If we're serious for a moment, we'll have to admit that we'll NEVER know his real intentions and thoughts (nor the intentions of any other politician). Only God knows them - if there's a God. So speculating about whether he "cares" for the poor or not, and taking one sentence out of its context to try to suggest that he doesn't, imho doesn't elevate the debate, it distracts from a real, thorough debate, and reduces politics to struggles between Good Guys and Bad Guys, which can only make people more cynical and politically ignorant, whereas we need the media to EMPOWER people and to make them understand how to use their constitutional political rights in a democracy.
Because the real problem isn't whether Romney cares or not, it's whether his policies will improve things or not, AND whether ordinary citizens will sincerely believe in Reagonomics or not. It's clear that a LOT of GOP voters sincerely believe in Reagonomics. So THAT's the real problem, imo. Those who believe in Reagonomics will always tend to believe that Romney cares (as according to those people Reaganomics is the best tool available to help the poor) and will vote for him, and only if he's elected will the poor once again be confronted with even more misery than what they already had to bear.
So the point is: IF we don't believe in Reaganomics, how will we prevent four more years of Reaganomics?
The answer I'd suggest is: by using solid arguments and facts to refute Reaganomics, and certainly NOT by taking half of a sentence out of its context and giving it another meaning, meaning that corresponds to OUR opinion of Reagonomics, but that at the same time has to do with something we can't prove at all: Romney's personal intentions.
Believe me, you are one or two major illnesses away from any of those situations. I promise I won't laugh at you or be snide if it happens.
Before Lyndon Johnson declared a "war on poverty," more than one in five Americans, -- 22% -- lived below the poverty line. Most of the anti-poverty programs started under Johnson (Medicaid, Head Start, Food Stamps, etc.) were continued under Nixon, Ford and Carter and by the time Reagan took office, the poverty rate had been cut in half, to 11%.

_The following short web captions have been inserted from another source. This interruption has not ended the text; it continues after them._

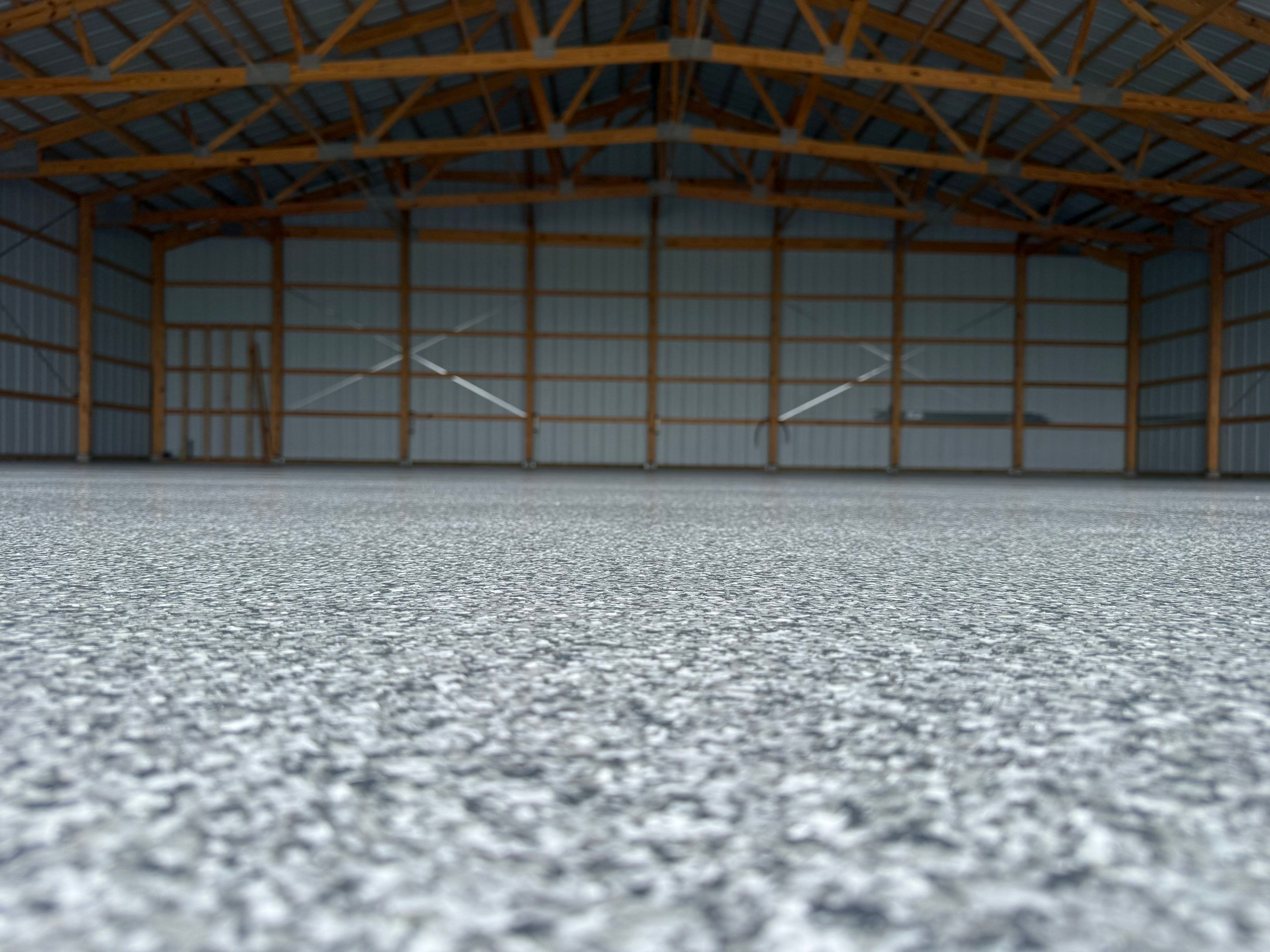 Durable Grey Speckled Epoxy Floor Coating for Yankton Shop by Select Painting, Coatings & Garage Cabinets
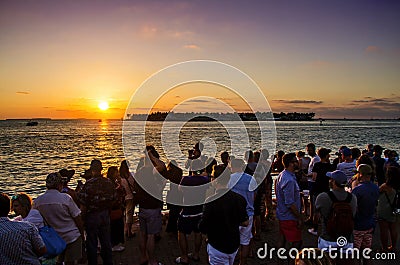 Crowd of people watching a beautiful colorful sunset from Key West with Sunset Key on the horizon. Key West, FL USA - 25/04/2018 Editorial Stock Photo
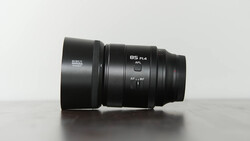 Sirui 85mm F1.4 lens with hood mounted, displayed on light gray surface.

Repealing many anti-poverty measures, Reagan succeeded in raising the rate to 15%. In his final State of the Union address, he declared that in the war on poverty, "poverty won," to laughter from his Republicans.
Under Clinton, the rate got down again to about 12%, but by the end of his second term (with his help in signing off on cancelling real welfare), the rate was going up again. When Bush was done cratering the economy and the hopes of many of the poor, the poverty rate was back to nearly Reaganesque levels.
The record shows that we can defeat poverty through government action and we can allow it to grow through government inaction. But the myth persists that no government is good for poor people.
Well, if you consider that creating more poor people is good, then Republican policies have been very good for them.